About this exercise: Reproduce the entries below exactly, but only from the line containing "Used 2025 Nissan Rogue S FWD image 21" to the line containing "2420 Von Esch", inclusive.

(Stored data)
○ ○ ○ ○ ○

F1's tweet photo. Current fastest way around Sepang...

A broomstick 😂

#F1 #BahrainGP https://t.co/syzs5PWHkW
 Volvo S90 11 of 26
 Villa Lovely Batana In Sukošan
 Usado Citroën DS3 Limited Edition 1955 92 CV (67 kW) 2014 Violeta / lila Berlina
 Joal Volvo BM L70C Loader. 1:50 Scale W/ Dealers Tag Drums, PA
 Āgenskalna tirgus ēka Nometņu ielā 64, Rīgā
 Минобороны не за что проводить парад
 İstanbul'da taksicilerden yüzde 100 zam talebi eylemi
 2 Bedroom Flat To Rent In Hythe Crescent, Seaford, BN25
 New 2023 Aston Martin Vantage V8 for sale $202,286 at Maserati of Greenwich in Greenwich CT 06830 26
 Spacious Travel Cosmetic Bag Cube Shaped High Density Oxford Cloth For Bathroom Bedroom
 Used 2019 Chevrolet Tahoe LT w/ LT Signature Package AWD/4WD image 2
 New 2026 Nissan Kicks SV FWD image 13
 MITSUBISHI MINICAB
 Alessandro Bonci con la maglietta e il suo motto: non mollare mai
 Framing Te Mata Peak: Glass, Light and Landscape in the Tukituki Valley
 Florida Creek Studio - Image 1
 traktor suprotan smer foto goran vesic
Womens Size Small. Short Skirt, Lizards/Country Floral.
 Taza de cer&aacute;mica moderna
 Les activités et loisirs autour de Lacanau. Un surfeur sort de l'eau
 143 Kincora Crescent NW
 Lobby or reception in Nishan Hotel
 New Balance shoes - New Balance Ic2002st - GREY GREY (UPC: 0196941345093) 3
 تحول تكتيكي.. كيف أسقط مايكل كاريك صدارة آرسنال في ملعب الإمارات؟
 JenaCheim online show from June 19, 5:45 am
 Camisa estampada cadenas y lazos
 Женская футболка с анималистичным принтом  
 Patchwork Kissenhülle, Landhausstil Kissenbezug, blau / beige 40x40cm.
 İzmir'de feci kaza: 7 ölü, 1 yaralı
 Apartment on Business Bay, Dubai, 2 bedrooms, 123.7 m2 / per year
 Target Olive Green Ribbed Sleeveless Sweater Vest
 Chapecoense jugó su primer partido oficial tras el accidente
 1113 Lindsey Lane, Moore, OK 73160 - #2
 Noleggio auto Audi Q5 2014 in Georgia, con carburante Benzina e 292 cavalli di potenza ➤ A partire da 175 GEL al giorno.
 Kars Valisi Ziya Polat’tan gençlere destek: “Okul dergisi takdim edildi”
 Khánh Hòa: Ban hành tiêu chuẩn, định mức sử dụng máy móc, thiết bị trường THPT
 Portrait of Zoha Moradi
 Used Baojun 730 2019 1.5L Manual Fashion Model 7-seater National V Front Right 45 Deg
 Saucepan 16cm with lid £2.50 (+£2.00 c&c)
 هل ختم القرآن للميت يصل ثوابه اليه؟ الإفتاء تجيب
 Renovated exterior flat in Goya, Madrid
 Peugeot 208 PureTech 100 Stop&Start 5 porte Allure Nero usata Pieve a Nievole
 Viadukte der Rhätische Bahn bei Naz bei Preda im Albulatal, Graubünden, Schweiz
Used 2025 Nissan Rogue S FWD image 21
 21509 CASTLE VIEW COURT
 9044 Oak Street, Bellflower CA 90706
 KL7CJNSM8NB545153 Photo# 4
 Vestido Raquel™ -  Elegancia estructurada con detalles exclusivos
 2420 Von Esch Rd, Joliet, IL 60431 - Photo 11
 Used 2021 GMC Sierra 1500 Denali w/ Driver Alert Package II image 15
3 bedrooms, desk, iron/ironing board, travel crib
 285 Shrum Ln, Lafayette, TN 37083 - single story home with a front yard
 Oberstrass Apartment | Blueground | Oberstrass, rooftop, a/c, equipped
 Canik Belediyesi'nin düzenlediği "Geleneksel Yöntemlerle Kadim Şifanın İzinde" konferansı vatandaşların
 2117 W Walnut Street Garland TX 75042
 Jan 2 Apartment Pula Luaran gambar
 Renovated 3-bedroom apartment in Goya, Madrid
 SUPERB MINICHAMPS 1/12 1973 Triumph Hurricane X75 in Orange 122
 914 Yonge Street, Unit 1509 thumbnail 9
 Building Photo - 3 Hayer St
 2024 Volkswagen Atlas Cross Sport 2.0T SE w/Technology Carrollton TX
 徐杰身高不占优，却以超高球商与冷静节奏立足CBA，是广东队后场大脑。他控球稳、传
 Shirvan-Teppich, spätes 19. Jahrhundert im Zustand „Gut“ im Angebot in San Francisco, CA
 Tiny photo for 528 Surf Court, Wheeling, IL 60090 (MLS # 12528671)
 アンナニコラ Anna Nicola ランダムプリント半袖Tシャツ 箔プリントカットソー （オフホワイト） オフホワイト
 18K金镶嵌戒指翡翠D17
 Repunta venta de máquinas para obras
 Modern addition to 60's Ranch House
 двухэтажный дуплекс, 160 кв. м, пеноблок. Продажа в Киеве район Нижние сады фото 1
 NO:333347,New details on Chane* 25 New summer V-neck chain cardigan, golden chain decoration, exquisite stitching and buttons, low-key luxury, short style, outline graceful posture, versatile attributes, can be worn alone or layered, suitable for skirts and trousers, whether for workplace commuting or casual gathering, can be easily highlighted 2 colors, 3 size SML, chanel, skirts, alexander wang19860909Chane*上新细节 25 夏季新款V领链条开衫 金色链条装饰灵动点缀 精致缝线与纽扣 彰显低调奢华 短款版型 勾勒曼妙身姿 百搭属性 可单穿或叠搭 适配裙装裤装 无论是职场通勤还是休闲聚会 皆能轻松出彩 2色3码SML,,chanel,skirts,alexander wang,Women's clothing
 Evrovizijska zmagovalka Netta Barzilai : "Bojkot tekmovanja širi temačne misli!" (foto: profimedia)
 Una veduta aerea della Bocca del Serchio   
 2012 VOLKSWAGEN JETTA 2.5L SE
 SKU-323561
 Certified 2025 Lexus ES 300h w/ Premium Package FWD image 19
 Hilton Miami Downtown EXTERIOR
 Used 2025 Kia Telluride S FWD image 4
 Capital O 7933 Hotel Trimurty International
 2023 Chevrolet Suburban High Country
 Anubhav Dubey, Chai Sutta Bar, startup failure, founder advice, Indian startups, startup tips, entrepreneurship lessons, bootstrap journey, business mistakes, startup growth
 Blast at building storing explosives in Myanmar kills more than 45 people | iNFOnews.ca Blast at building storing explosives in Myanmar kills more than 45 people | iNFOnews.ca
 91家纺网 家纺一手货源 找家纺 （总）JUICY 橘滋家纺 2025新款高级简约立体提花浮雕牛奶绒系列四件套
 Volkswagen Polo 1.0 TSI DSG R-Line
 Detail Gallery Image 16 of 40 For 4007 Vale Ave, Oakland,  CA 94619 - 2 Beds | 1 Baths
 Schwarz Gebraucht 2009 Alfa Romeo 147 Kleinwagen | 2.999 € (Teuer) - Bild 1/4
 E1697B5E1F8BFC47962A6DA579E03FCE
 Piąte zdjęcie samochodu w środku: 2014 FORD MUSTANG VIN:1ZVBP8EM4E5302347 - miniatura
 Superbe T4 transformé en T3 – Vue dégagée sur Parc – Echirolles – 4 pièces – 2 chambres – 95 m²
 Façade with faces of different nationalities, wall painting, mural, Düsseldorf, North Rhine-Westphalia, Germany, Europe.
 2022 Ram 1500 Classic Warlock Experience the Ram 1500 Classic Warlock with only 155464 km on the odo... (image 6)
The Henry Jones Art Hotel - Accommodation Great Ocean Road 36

○ ○ ○ ○ ○

Solution for this task:
Used 2025 Nissan Rogue S FWD image 21
 21509 CASTLE VIEW COURT
 9044 Oak Street, Bellflower CA 90706
 KL7CJNSM8NB545153 Photo# 4
 Vestido Raquel™ -  Elegancia estructurada con detalles exclusivos
 2420 Von Esch Rd, Joliet, IL 60431 - Photo 11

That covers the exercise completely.